But I don't think it's an accident. Now, it's interesting that it said Judge Carnesale on it because it looks like they wheeled it to Judge McAfee later. But that's my theory as to why that happened and why you've got that dummy indictment out there is just to make sure that the charges matched in Odyssey. I fully appreciate how nerdy this podcast has gotten, bringing it back to probably things that most lay people –

are going to be paying attention to in this case. Not Odyssey. Y'all don't care. So the 13 charges here, like what is going to be the biggest challenge for prosecutors here in terms of getting a conviction and what are going to be the biggest challenges for Trump's team? So let's start with prosecutors first. Chris, having tried these kinds of cases, looking at the

indictment, what are you thinking? So strategic decisions in terms of what you want to present. It's funny. So I did one RICO trial where the judge, and a very long indictment, although probably half the size of this one, the judge gets through the first 30 pages of reading the RICO count and then says, count two.

And the entire jury audibly gasped. They couldn't believe that they were going to have to listen to more information. So it's information overload is one of the things. But they'll probably tailor it down, although I don't know. I mean, the APS trial was something like nine months long.

So trying to keep 12 people's attention over nine months is difficult. And so trying to figure out how much is too much. Are we boring the jurors? Are we keeping them entertained? What do we need to do to get it over the line, to get it beyond it?

reasonable doubt, but not get it so far over the line that our jurors are bored, want to go home, don't understand exactly why they're there is going to be the trick with this one. So it's the strategy. Now, interestingly enough, Fannie Willis said yesterday that she's got a six-month time frame. And we know that the defendants have got some say over that. And we'll probably ask for some continuances. But six months is very ambitious. That's lightning fast for a RICO case. I had one

Probably not as complex as this case, although it did have some international elements to it. But it was only one defendant, and it still took us a year from the time that the defendant went into custody until the time that we tried the case. So that being a less complicated document trying to try, and it took us a year to be ready to go, six months is crazy. So my guess based on that is by the time they walked into the grand jury room and some of what we saw in the delay case,

between the time the special purpose grand jury ended and the regular grand jury met, was they're getting this thing ready for trial. But again, and I see Anthony shaking his head. I mean, you know, he's right. This is not going to go in six months. Well, and of course, too, the other really complicating factor is that Donald Trump is going to attempt to bring this into federal court.

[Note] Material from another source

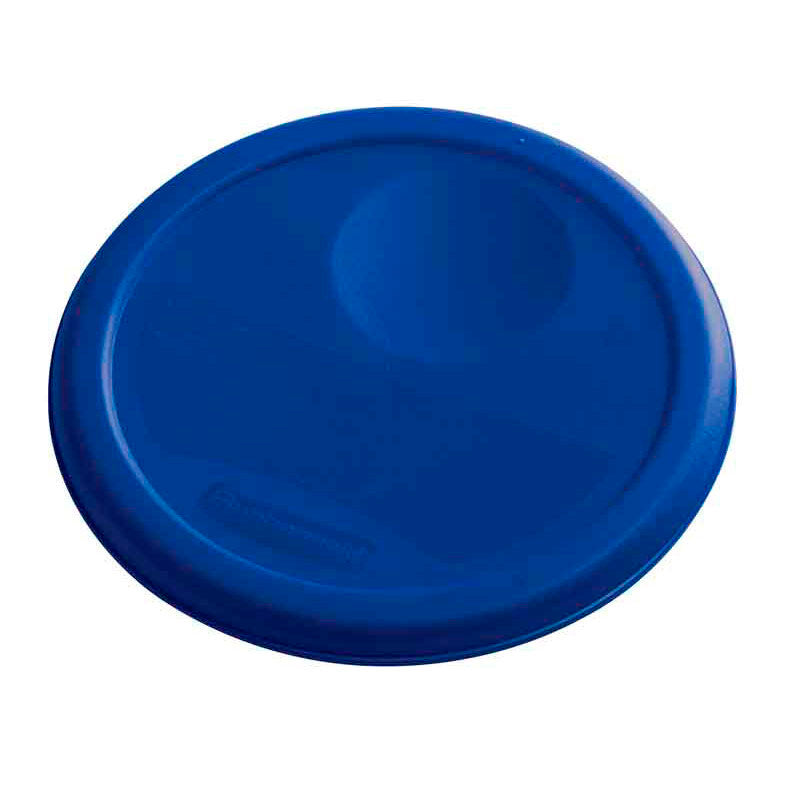 Rubbermaid deksel voor ronde container 3,8 liter voor verse vis blauw, per 12 stuks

and use the removal statutes to say that he was acting in his official capacity under the color of law as president of the United States. And therefore, this should be tried before a federal judge and a federal jury impaneled by a federal court.

And I think that Mark Meadows will try that and I think that Jeff Clark will try that. It's – the Supreme Court has said and the 11th Circuit has said that we should – that this – the removal statute should be read very liberally at the same time.

It seems pretty clear that these folks were acting in their personal capacity to keep Donald Trump as president, and they were acting more as a candidate in a campaign than they were as officials, although Jeff Clark was very ready to use the official power of the Department of Justice. So I –

I don't know that how that'll shake out. I mean, I, I've talked to a lot of law professors who say, oh, absolutely. It's going to get removed. And I talked to a bunch who say, absolutely not, not going to get removed. And I have, I'm like on the fence here saying, I don't know what the hell is going to happen, but it's a, it's another tactic that's going to, um, not necessarily delay proceedings because proceedings can continue in Fulton County court while the federal court hears this, these issues. Um, but it's a, it's another, you

you know, another set of issues that, you know, there's going to have to be time and resources and staff dedicated to. And so, you know, and that's just one issue of multiple other issues. So six months, I mean, no way. And the other thing too is nothing ever seems to happen in Fulton County seamlessly. I love this county. I love Atlanta. I love, you know, the staff works hard. I have many friends in the prosecutor's office. I've got lots of friends in the defense bar.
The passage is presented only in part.